JIS News

With the 2005 hurricane season only three months away, the Kingston and St. Andrew Corporation (KSAC) has prepared a report offering guidelines on the possible actions the city could pursue in the event of a hurricane striking the island.
Mayor of Kingston, Councillor Desmond McKenzie said the report was developed with the assistance of representatives from the National Works Agency (NWA), National Environment and Planning Agency (NEPA), and the Office of Disaster Preparedness and Emergency Management (ODPEM).
He said the agencies were invited to sit on a Task Force that was initiated by the KSAC as a response to the damage that was done in sections of the Corporate Area by Hurricane Ivan last September.
Mayor McKenzie was speaking to journalists at the KSAC’s monthly press briefing, held at the Council’s offices in downtown, Kingston on March 8.

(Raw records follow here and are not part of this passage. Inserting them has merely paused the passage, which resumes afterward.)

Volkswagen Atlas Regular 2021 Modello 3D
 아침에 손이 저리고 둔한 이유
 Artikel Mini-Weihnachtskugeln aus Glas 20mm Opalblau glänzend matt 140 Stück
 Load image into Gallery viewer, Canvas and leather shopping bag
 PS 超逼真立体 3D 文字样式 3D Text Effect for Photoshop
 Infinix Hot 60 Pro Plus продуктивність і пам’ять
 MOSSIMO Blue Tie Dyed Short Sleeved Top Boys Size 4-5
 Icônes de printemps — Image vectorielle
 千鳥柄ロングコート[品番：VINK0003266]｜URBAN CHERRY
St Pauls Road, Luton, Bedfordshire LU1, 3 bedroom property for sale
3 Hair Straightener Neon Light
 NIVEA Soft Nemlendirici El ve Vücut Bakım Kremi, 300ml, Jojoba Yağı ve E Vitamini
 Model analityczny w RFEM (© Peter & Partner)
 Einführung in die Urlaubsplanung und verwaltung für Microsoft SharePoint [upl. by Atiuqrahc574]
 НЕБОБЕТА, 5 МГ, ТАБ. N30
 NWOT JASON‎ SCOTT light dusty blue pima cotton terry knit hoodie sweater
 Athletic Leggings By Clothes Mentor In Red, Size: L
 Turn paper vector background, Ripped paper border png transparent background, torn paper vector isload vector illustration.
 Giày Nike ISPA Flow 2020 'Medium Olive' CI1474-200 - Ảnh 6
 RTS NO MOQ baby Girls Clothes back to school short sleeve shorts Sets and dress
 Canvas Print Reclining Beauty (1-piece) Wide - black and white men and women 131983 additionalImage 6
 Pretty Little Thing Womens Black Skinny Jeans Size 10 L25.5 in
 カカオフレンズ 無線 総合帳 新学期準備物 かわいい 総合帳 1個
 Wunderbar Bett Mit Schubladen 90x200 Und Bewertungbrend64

“We saw the need to be pro-active, in terms of how, as a city, we responded to various challenges that faced us after Hurricane Ivan, so with the limitations of the Council in terms of its technical competence and staffing, a Task Force was formed,” he explained.
He noted that the report would be “the basis on which we move forward as a Council leading up to the hurricane season, and to take corrective measures against a repeat of some of what occurred last year during Hurricane Ivan”.
Mayor McKenzie said copies of the report had been forwarded to Prime Minister P.J. Patterson; the Minister of Land and Environment, Dean Peart; Minister of Local Government, Community Development and Sport, Portia Simpson Miller; and the Minister of Transport and Works, Robert Pickersgill.
Explaining the rationale for sharing copies of the report, he said “this is a very indepth document with some far reaching recommendations, which I hope we will be able to find some common ground with central government and other agencies in implementing certain aspects of the recommendations”.
Mr. McKenzie informed that the KSAC’s Building Department was recently presented with several computers, inclusive of a lap top, from the Jamaica Developers Association. The computers are valued in excess of $250,000.
“These computers will assist the KSAC building department to meet a 90-day approval process that we have been working with the Jamaica Developers Association to reach,” he said.
The Mayor also disclosed that the KSAC had procured a back-hoe, which would aid in the removal of large debris.
“The sole intent and purpose of that bit of equipment is to facilitate work that the Council has to do on a daily basis. There are times when many of the Councillors in rural divisions are experiencing blocked roads and having difficulty in getting the kind of equipment [to remove debris] because of the price to procure the equipment,” he said.
He said the rural areas would have first priority in the use of the back-hoe, but noted that it would also be used “as part of the on-going clean-up exercise that we are doing in the Corporate Area”.